While both Taylor-Johnson and Edwards have toiled on special effects-heavy films before, Olsen was a newbie when it came to acting alongside creatures who weren’t really there.


“Gareth comes from special effects,” says the actress, 25. “Instead of working for a production company, he worked for a special effects company. So he had confidence in that, fully, and he had confidence also in working with the actors. He also made us feel like he was there for the story. I never felt overpowered or overshadowed by special effects.”


Oddly enough, “Godzilla” helped Olson prepare for her work on 2015’s “Avengers: Age of Ultron,” in which she’ll play Scarlet Witch, the twin sister of Taylor-Johnson’s Quicksilver.
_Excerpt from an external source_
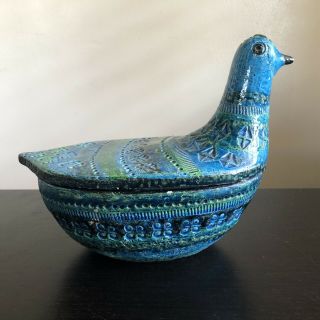 V.  Rare Vintage Mcm Italian Pottery Bird Lidded Bowl Raymor Bitossi Rimini Blue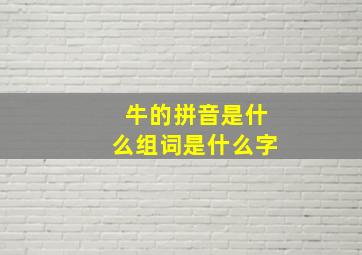 牛的拼音是什么组词是什么字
“Aaron and I spent time together in Vancouver and I got to know his family,” she says, referencing the actor’s wife, director Sam Taylor-Wood, and their two toddler daughters. “To play a really tight twin brother and sister team, it was really lucky that [I’m not working] with some guy I just met. I think we both like the fact that we have this other film in our repertoire.”


Olsen made her first appearance as Scarlet Witch at the end of “Captain America: The Winter Soldier,” in which “Age of Ultron” was teased. Even though production has begun on the latest Marvel adventure, the actress is still perusing as many comics as she can get her hands on.


“For me, it was like, ‘Throw it all in!’ so I’m still reading the comics and also still looking at the fan pages,” she says.


“I’m the first human interpretation of the Scarlet Witch, so you want to be able to honor the cartoons and comics but also bring your own thing to it. … It’s been a really fun process and awesome because she’s so dope.”